In the Blog section we discuss each of those challenges in more detail.
Crail aims at providing a comprehensive solution to the above challenges in a form that is non-intrusive and compatible with the Apache data processing ecosystem. In particular, Crail is designed to be consumeable by different compute engines such as Spark, Flink, Solr, etc., with very little integration effort.
The backbone of the Crail I/O architecture is Crail Store, a high-performance multi-tiered data store for temporary data in analytics workloads. If the context permits we often refer to Crail Store simply as Crail. Data processing frameworks and applications may directly interact with Crail for fast storage of in-flight data, but more commonly the interaction takes place through one of the Crail modules. As an example, the CrailHDFS adapter provides a standard HDFS interface allowing applications to use Crail Store the same way they use regular HDFS. Applications may want to use CrailHDFS for short-lived performance critical data, and regular HDFS for long-term data storage. CrailSparkIO is a Spark specific module which implements various I/O intensive Spark operations such as shuffle, broadcast, etc.
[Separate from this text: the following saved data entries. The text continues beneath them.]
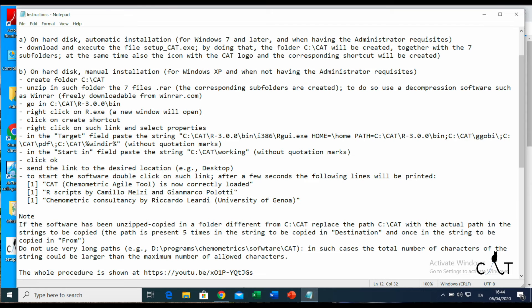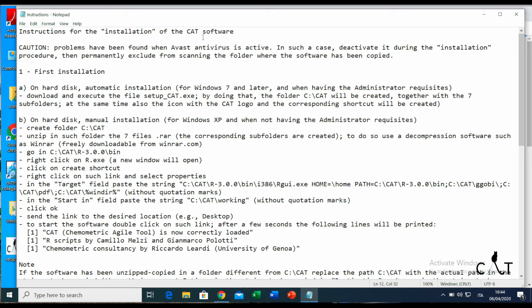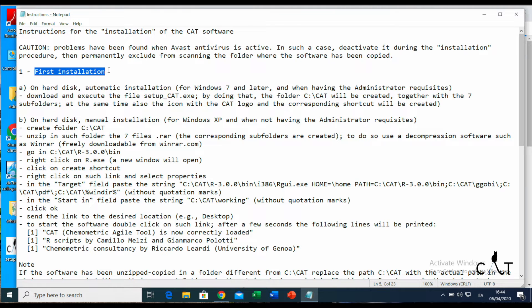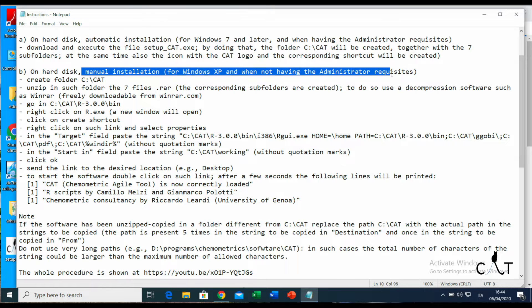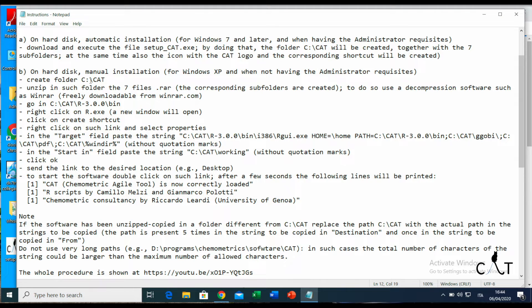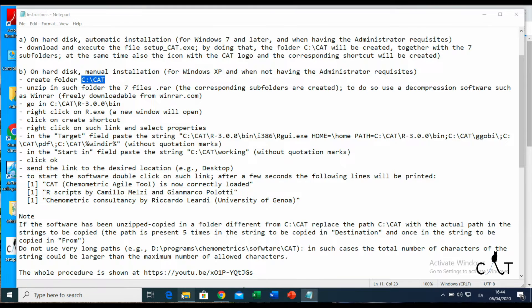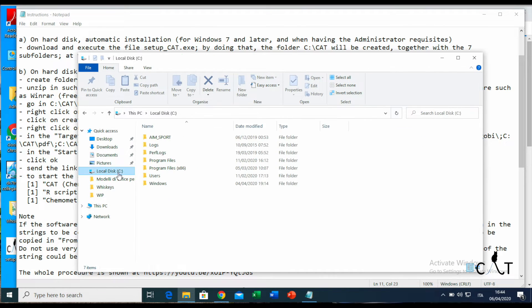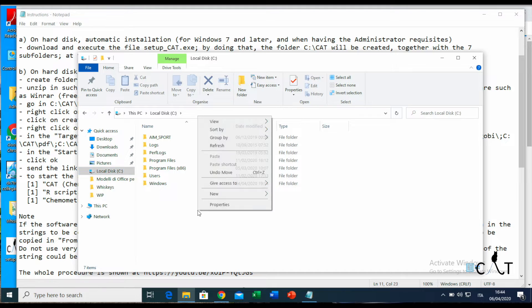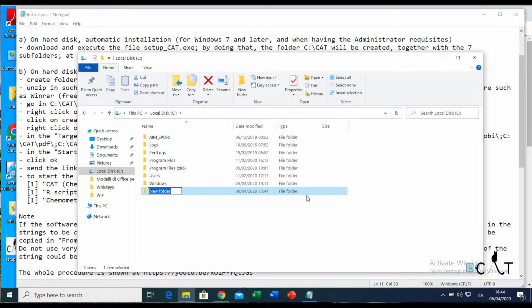Now, as you can see, it is the first installation and it's manual installation. I'm highlighting what we're going to do. So we go to folders, go to the local disk, create a new folder, and call it CAT.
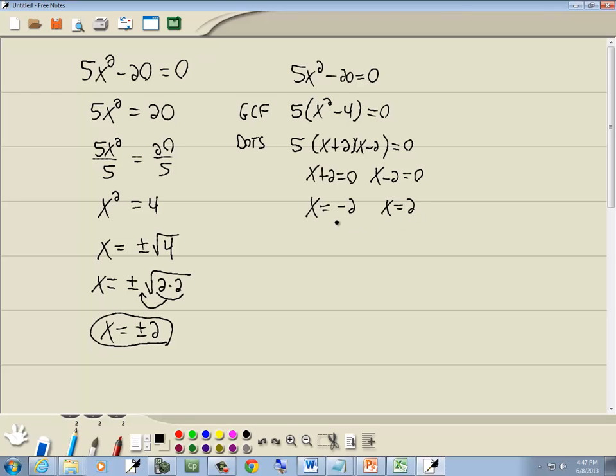So it doesn't really matter which way you work it. The square root property would have worked a lot better if this hadn't factored. Like if I had come up with an x squared minus 7, for example. This would work any time you're missing that middle term.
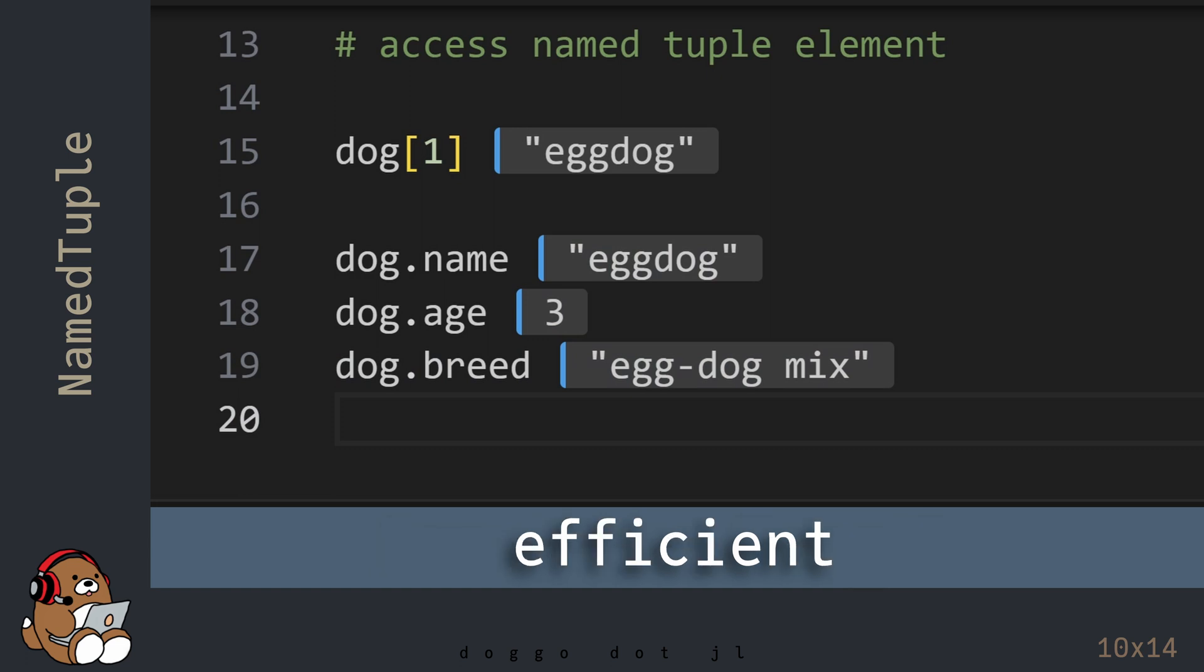With that said, both the tuple and the named tuple provide a memory-efficient way to store and retrieve your data if you don't need the flexibility of an array.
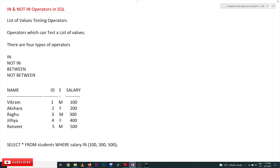Welcome to Learning Monkey. I am Vikram. In this class we will try to understand the IN and NOT IN operators in SQL. These operators are list-of-values testing operators, meaning operators which can test a list of values. So far in our previous classes we have seen only single-value testing operators — for example, salary = 100, where the equal-to operator tests only one single value.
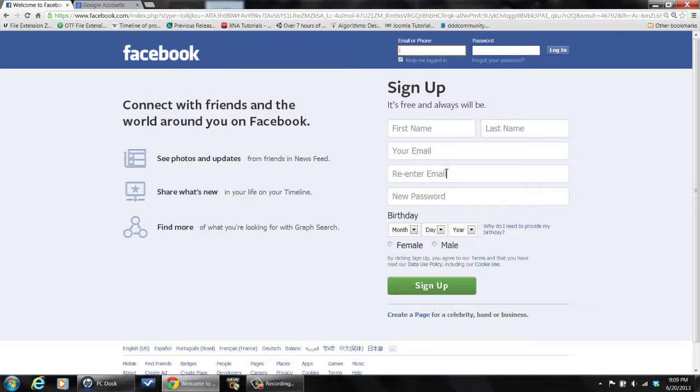And it'll use that information to go search out people that are maybe in your contacts and your other email addresses to try and build up a friends list that you can then go and send a friend request to and start building up your circle of friends in Facebook.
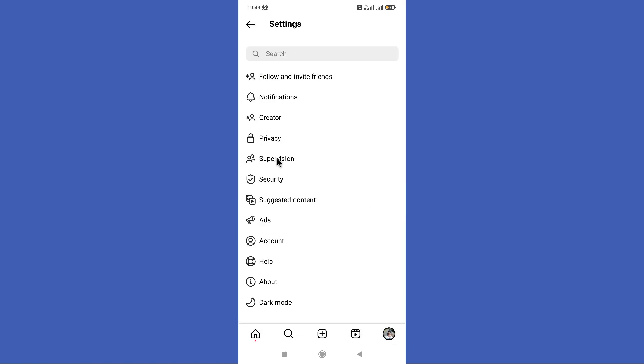Here you can see the Create option. If you have moved your account to a professional account, just click on this Create option.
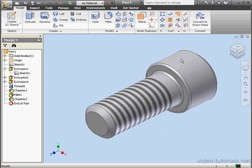And let's have a look. This concludes our tutorial about building a socket head cap.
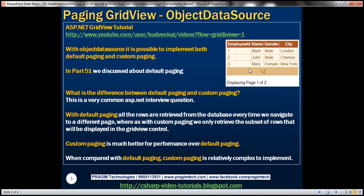To implement custom paging, the first thing is to write a stored procedure that returns the correct set of records. For example, if the GridView page size is 3 and we're on the first page, we need the stored procedure to return records 1 to 3. On the second page, it should return records 4 to 6. To design such a stored procedure, we need two input parameters: the starting row index and the maximum number of rows. On the first page, start row index is 1 and maximum rows is 3. On the second page, start row index is 4 and maximum rows is 3, giving us records 4, 5, and 6.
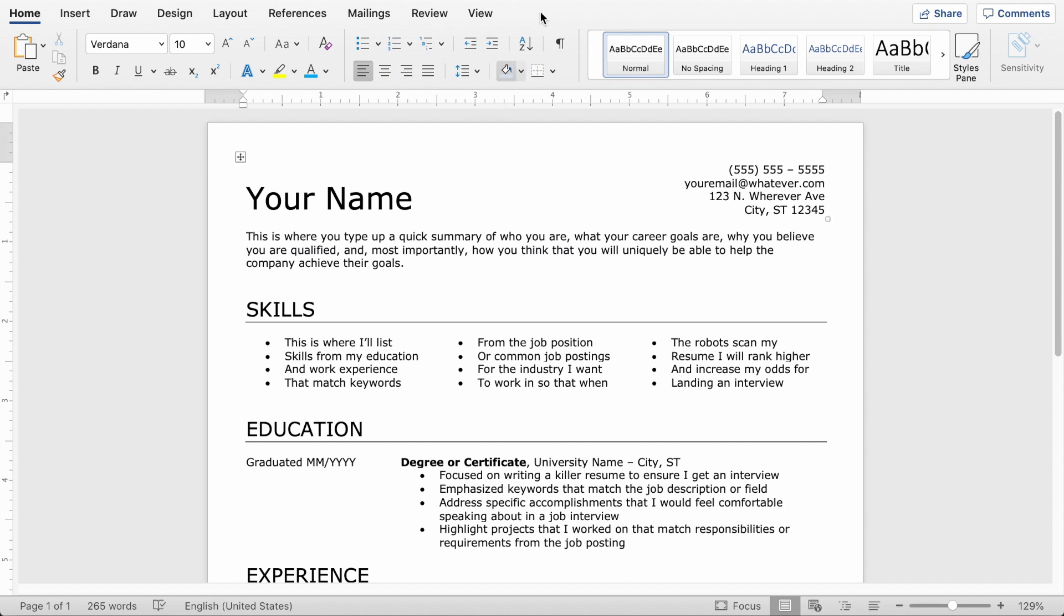So that's your basic entry level resume. I hope you found this video useful. Please be sure to like, comment, subscribe. It really helps support this channel and I wish you the best of luck in your job search. Go get it. Bye.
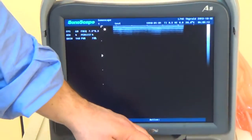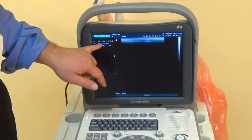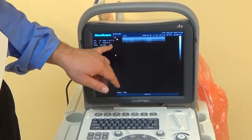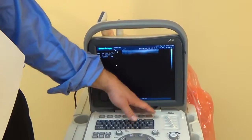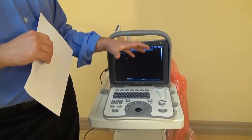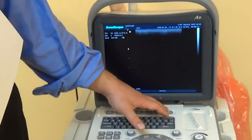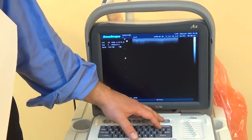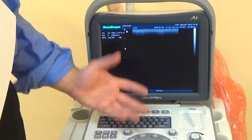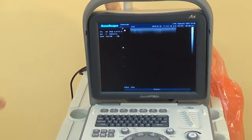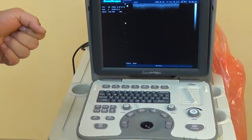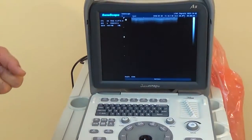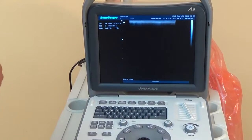And then finally, there's a frequency button. So that changes the number up here. The lower the frequency, the deeper you can penetrate into the tissue, but the less clear the quality and resolution of the image. The higher the frequency, the sharper, the more detailed, but you can't go as deep. So it all depends on what you're looking at specifically for that frequency button.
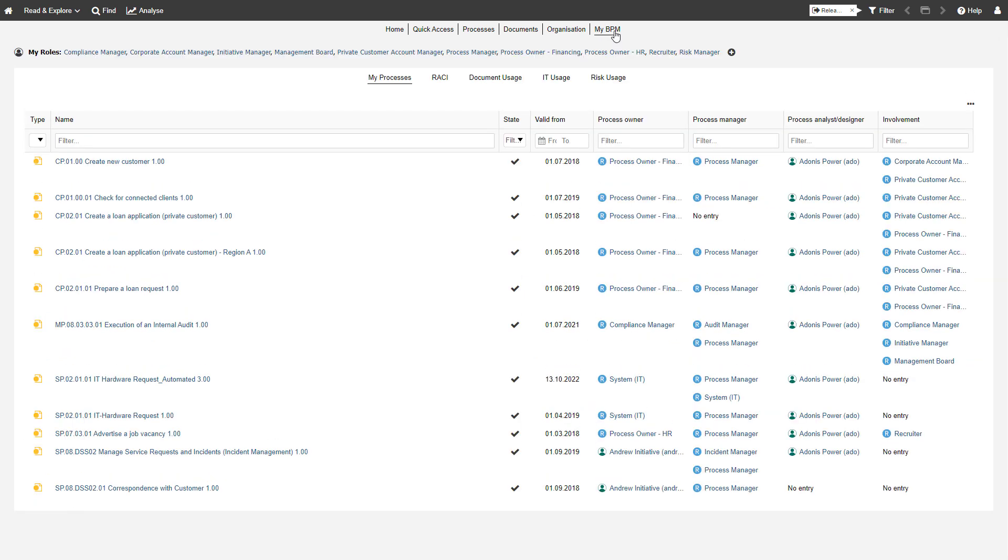Find all models for which you are responsible in the My BPM dashboard. You can set the filter back at any time.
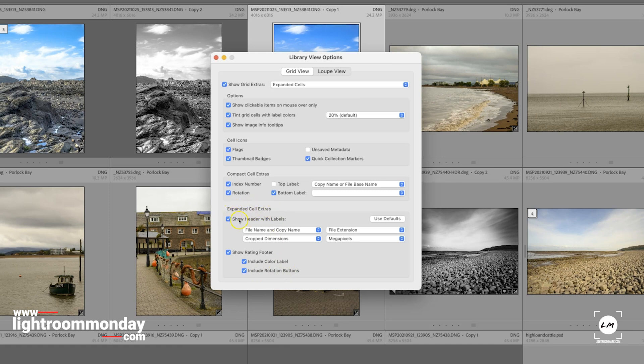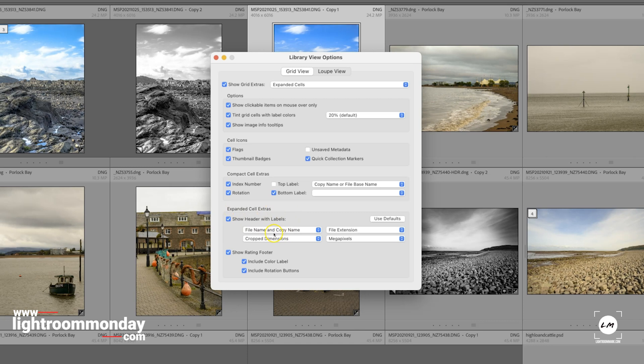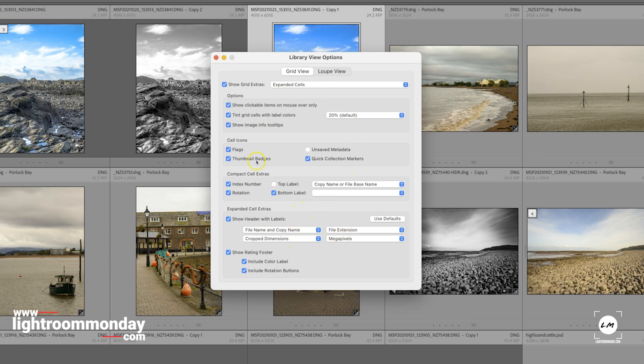If we go up a bit to Expanded Cell Information, that's the information in the top bar - file name, extension, megapixels - and you can select from the dropdowns that you want. All the information there is what you view in the Grid View.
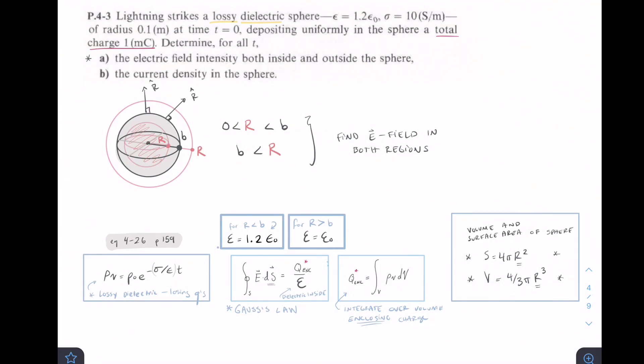Alright, so this is the last problem in our series. It's very similar to a Gauss's Law problem. We are dealing with a lossy dielectric. A dielectric is a medium where charges don't move in the medium, but they're polarized. In a conductor, charges actually move. But a lossy dielectric is like a poor conductor and not a great dielectric — it's a partially conducting medium, somewhere in the middle.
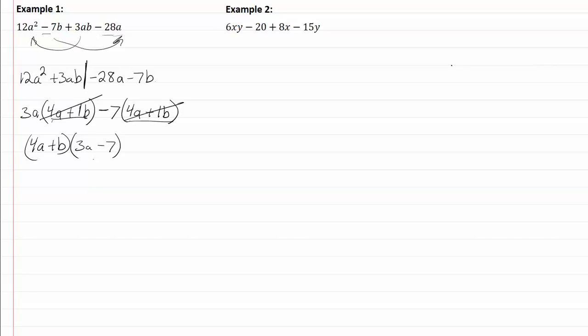Let's take a look at example two. So if I just leave it the way it is, six and twenty have a common factor of two, but the eight and fifteen have nothing in common, so I think I want to change my order here. I think that I'll bring the 8x over with my 6xy and bring my 20 over with my 15.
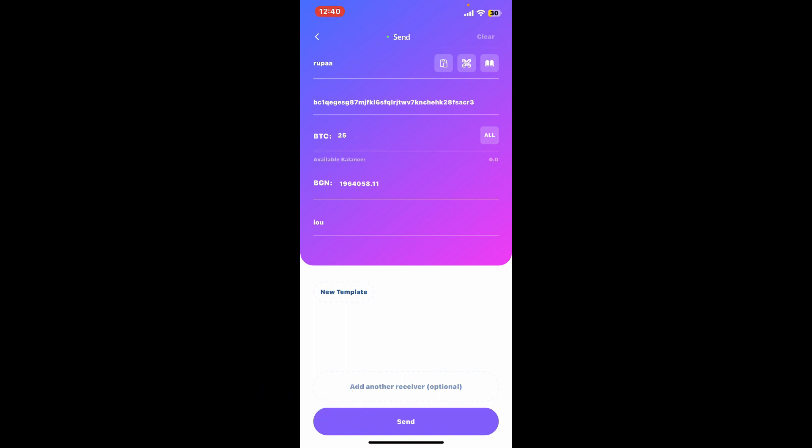Also, be mindful of any transaction fees associated with the transfer. Review your transaction details carefully, including the recipient's address, the amount, and any fees, and confirm that everything is accurate.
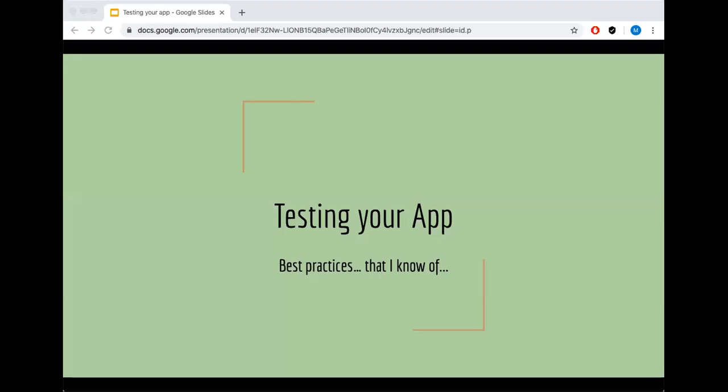I'm a front-end engineer at YouTube on the video ads team and I help build web apps to enable advertisers to utilize YouTube and Google video partner platforms to show their ads. Today I'll be talking about testing best practices, what I've learned so far doing what I do.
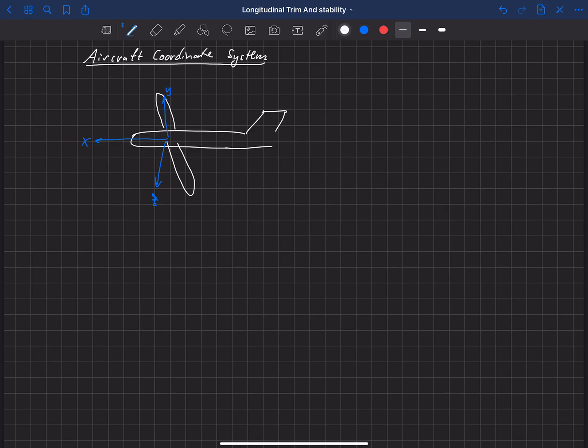The y-axis is not necessarily aligned with the wing. A wing can have some sweep — it can be swept back or whatnot. The y-axis is naturally going to be perpendicular to the x-axis, just going out the right-hand side of the aircraft. So we've labeled these x, y, and z.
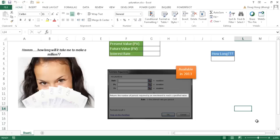Hi, in this video I'm going to cover how to use the PDURATION function. The PDURATION function returns the number of periods required by an investment to reach a value.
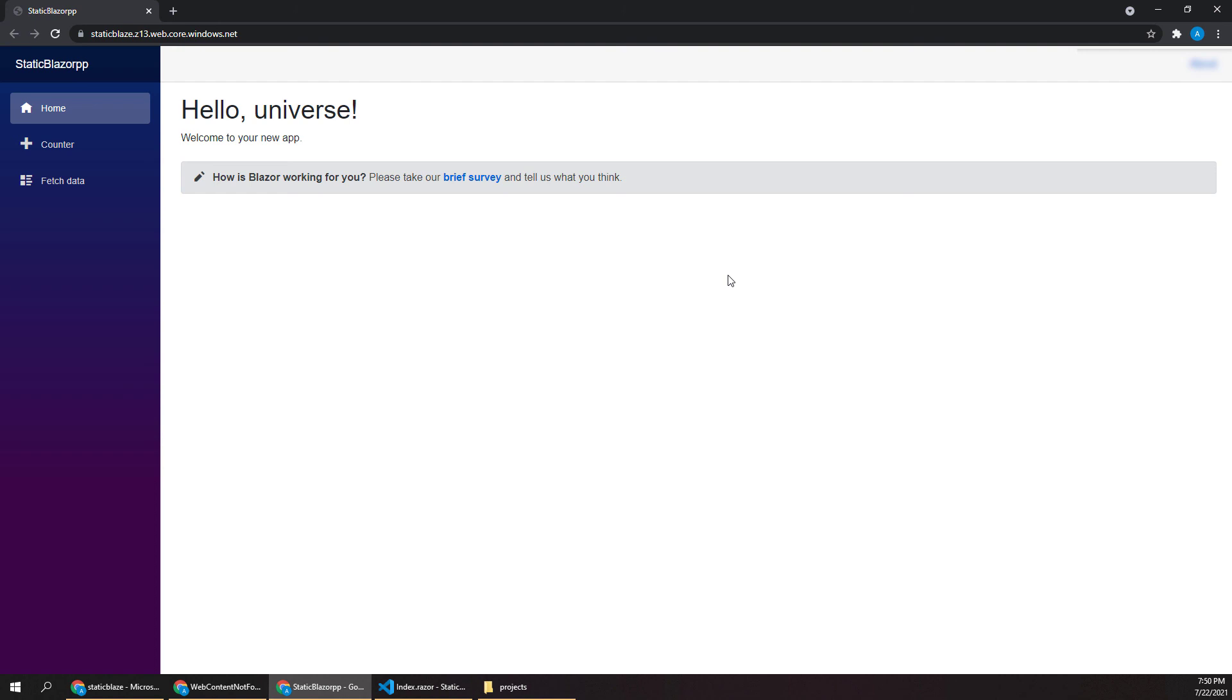So hopefully this gives you a good idea of how easy it is to deploy apps out to Azure and how nice and flexible the Blazor WebAssembly hosting model is. I encourage you to experiment with this process a bit yourself since it's a lot more rewarding to see your site out on the real web. If you enjoyed this video, please hit subscribe and there will be more content to come soon.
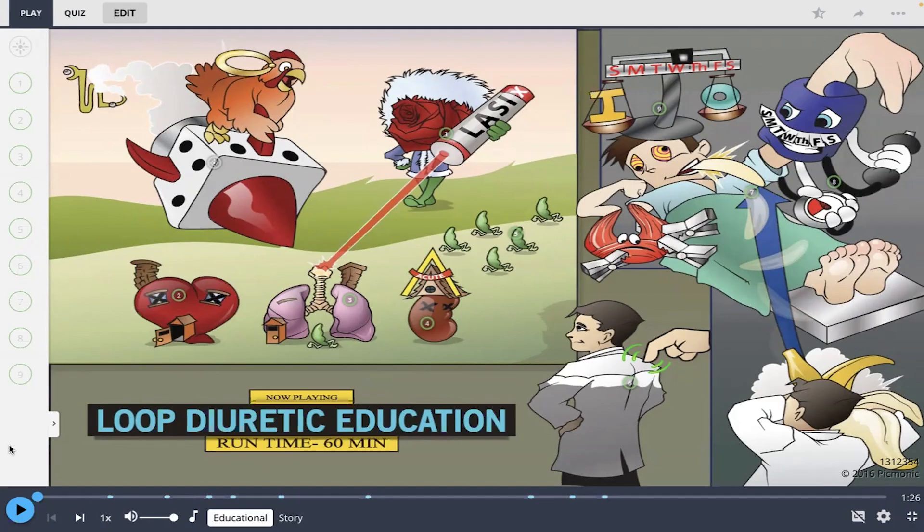Hey everyone, let's learn about some loop diuretic education with Picmonic today. I'm going to play the Picmonic video and then at the end we're going to take the quiz together to see what we've learned.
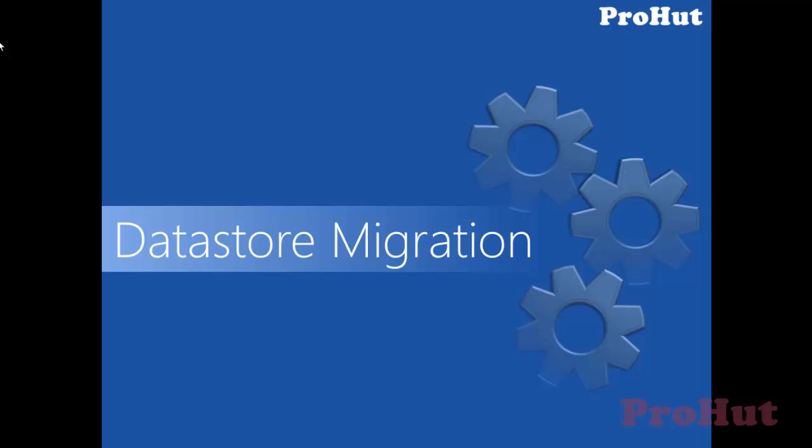Hello friends, welcome back to ProHut IT Services, good to see you back. In this video, we learn the steps of migrating Citrix Datastore from SQL Express to SQL Server.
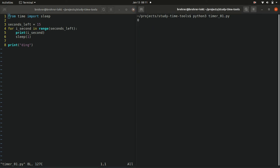When we run this, we can see it counts 0, 1, 2, 3, et cetera, about 1 second apart, just like we told it to.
Both CrailHDFS and CrailSparkIO can be used transparently with no need to recompile either the application or the data processing framework.
Crail Store implements a hierarchical namespace across a cluster of RDMA interconnected storage resources such as DRAM or flash. Storage resources may be co-located with the compute nodes of the cluster, or disagreggated inside the data center, or a mix of both. Nodes in the Crail namespace consist of arrays of blocks distributed across storage resources in the cluster. Crail groups storage resources into different tiers (e.g, DRAM, flash, disk) and permits node segments (blocks) to be allocated in specific tiers but also across tiers. For instance, by default Crail uses horizontal tiering where higher performing storage resources are filled up across the cluster prior to using lower performing tiers -- resulting in a more effective usage of storage hardware.
Crail currently supports three types of nodes to be stored in its namespace: regular data files, directories and multifiles. Regular data files are append-and-overwrite with only a single-writer permitted per file at a given time. Append-andoverwrite means that – aside from appending data to the file – overwriting existing content of a file is also permitted. Directories in Crail are just regular files containing fixed length directory records. The advantage is that directory enumeration becomes just a standard file read operation which makes enumeration fast and scalable with regard to the number of directory entries. Multifiles are files that can be written concurrently. Internally, a multifile very much resembles a flat directory. Multiple concurrent substreams on a multifile are backed with separate files inside the directory.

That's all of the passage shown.